SONATA IN SI MINORE. Usando un approccio rigorosamente filologico, Haiou Zhang, come molti della sua generazione, ha avuto la fortuna di poter accedere alle partiture originali. Per molto tempo, infatti, i musicisti hanno apportato annotazioni e cambiamenti sugli spartiti creando delle edizioni critiche falsate e di conseguenza costringendo molti studiosi a lavorare su spartiti snaturati. «Grazie al recente investimento fatto dall’editoria musicale – sottolinea – possiamo consultare gli spartiti autografi, anche se sono dell’avviso che bisogna sempre avere un approccio attento e distaccato». È quello che fa con la Sonata in si minore di Franz Liszt, fra gli autori a cui si sente più vicino.

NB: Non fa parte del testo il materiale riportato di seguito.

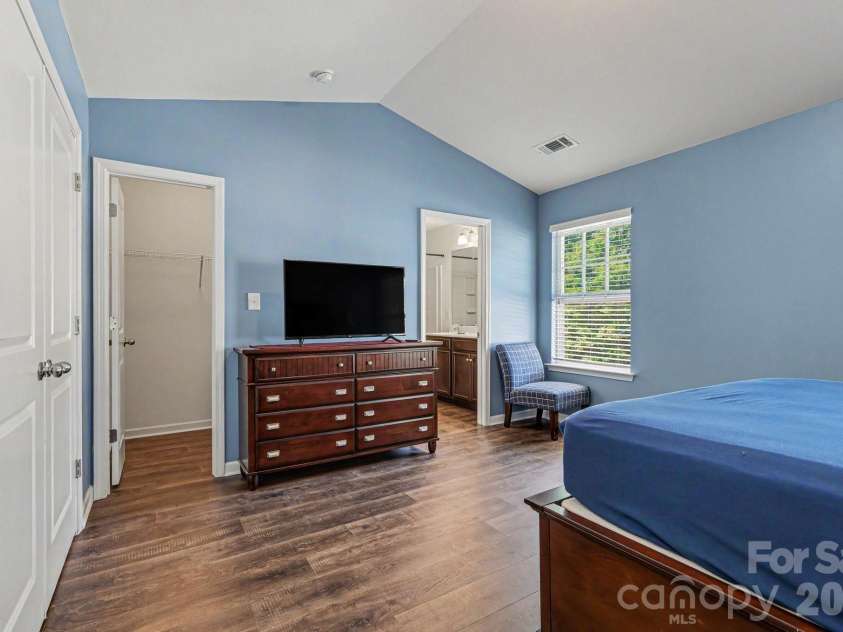 2428 Alex Ryan Drive, Charlotte, NC 28216.  MLS# CAR4383409, YatesRealty ID 24163. 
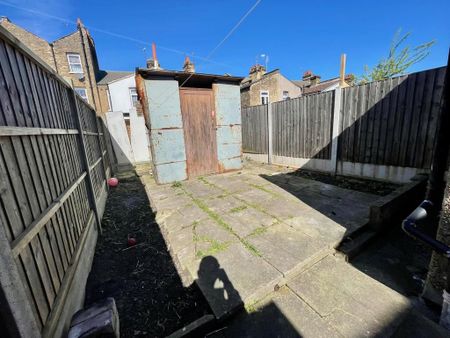 3 bedroom terraced house to rent - Photo 4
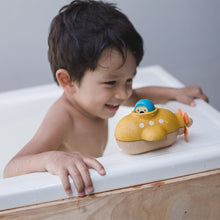 Load image into Gallery viewer, Plan Toys Submarine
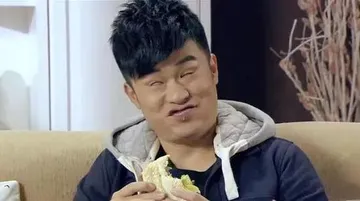 曾小贤吃芥末，曾小贤吃芥末翻白眼图片gif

Dedicata a Robert Schumann, Liszt in quest’opera si avvale della forma tradizionale per analizzare la dualità tra Faust e Mefistofele già affrontata nella Faust Symphonie. Conclusa il 2 febbraio del 1853 a Weimer, la Sonata ci fa conoscere un Liszt diverso, non solo autore di musica a programma ma anche sperimentatore di nuove dimensioni armoniche e formali. Fra i temi presenti all’interno della composizione abbiamo: l’irrequietezza esistenziale, lo slancio religioso, la tentazione di Faust a opera del suo doppio e l’idea melodica seppur marginale di Margherita. Alla potenza introduttiva fa seguito un suono debole, espressione del dissidio interiore del personaggio, che man mano diventa sempre più impalpabile facendo apprezzare la magistrale interpretazione del maestro e la sua smisurata sensibilità. Faust alla fine verrà sconfitto: a raccontarcelo è proprio la nota più grave della tastiera che dopo una frenesia di note ne segnerà la chiusura. Un evento eccezionale a cui speriamo presto ne seguiranno altri e un modo per avvicinare con consapevolezza il pubblico a compositori simbolo della musica classica, con il coinvolgimento di straordinari artisti osannati per la loro maestria.